Data entries:
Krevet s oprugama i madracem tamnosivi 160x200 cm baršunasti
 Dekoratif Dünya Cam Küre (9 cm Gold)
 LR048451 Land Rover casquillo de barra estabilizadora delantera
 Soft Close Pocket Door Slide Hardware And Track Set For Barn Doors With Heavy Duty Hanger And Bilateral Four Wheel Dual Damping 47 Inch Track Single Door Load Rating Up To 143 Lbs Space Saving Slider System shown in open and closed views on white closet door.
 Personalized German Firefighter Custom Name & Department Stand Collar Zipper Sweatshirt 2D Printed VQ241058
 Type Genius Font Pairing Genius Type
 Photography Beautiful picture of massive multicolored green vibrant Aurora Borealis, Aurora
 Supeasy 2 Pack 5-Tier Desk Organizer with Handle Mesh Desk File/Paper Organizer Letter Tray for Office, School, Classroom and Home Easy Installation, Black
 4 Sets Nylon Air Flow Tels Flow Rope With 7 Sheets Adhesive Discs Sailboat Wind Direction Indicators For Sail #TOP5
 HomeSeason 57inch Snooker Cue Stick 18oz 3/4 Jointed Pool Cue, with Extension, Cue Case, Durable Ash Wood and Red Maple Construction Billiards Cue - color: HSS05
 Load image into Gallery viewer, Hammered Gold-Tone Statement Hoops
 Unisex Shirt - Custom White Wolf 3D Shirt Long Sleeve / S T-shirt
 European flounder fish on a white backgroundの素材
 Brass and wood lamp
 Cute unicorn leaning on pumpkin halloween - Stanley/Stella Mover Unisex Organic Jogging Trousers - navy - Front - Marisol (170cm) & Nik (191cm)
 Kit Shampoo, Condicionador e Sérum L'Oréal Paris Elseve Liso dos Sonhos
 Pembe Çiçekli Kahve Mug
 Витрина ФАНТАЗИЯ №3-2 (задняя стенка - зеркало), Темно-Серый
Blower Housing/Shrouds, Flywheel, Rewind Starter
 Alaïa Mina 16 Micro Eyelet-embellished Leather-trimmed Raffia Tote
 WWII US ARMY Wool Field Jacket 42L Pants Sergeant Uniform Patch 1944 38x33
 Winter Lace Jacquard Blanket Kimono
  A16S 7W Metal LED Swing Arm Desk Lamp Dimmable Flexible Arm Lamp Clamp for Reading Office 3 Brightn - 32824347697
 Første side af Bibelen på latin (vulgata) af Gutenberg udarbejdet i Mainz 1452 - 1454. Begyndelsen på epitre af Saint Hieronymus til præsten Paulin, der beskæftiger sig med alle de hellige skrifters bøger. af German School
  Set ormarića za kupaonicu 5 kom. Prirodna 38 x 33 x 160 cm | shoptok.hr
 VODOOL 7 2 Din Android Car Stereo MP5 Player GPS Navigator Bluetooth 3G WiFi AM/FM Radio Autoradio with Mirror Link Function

REQUIRED WORK: Write out, from the lines above, only those from the line with "European flounder fish" to the line with "Set ormarića za", exactly as given, including the first and the last.

SOLUTION FOR THIS PROBLEM:
 European flounder fish on a white backgroundの素材
 Brass and wood lamp
 Cute unicorn leaning on pumpkin halloween - Stanley/Stella Mover Unisex Organic Jogging Trousers - navy - Front - Marisol (170cm) & Nik (191cm)
 Kit Shampoo, Condicionador e Sérum L'Oréal Paris Elseve Liso dos Sonhos
 Pembe Çiçekli Kahve Mug
 Витрина ФАНТАЗИЯ №3-2 (задняя стенка - зеркало), Темно-Серый
Blower Housing/Shrouds, Flywheel, Rewind Starter
 Alaïa Mina 16 Micro Eyelet-embellished Leather-trimmed Raffia Tote
 WWII US ARMY Wool Field Jacket 42L Pants Sergeant Uniform Patch 1944 38x33
 Winter Lace Jacquard Blanket Kimono
  A16S 7W Metal LED Swing Arm Desk Lamp Dimmable Flexible Arm Lamp Clamp for Reading Office 3 Brightn - 32824347697
 Første side af Bibelen på latin (vulgata) af Gutenberg udarbejdet i Mainz 1452 - 1454. Begyndelsen på epitre af Saint Hieronymus til præsten Paulin, der beskæftiger sig med alle de hellige skrifters bøger. af German School
  Set ormarića za kupaonicu 5 kom. Prirodna 38 x 33 x 160 cm | shoptok.hr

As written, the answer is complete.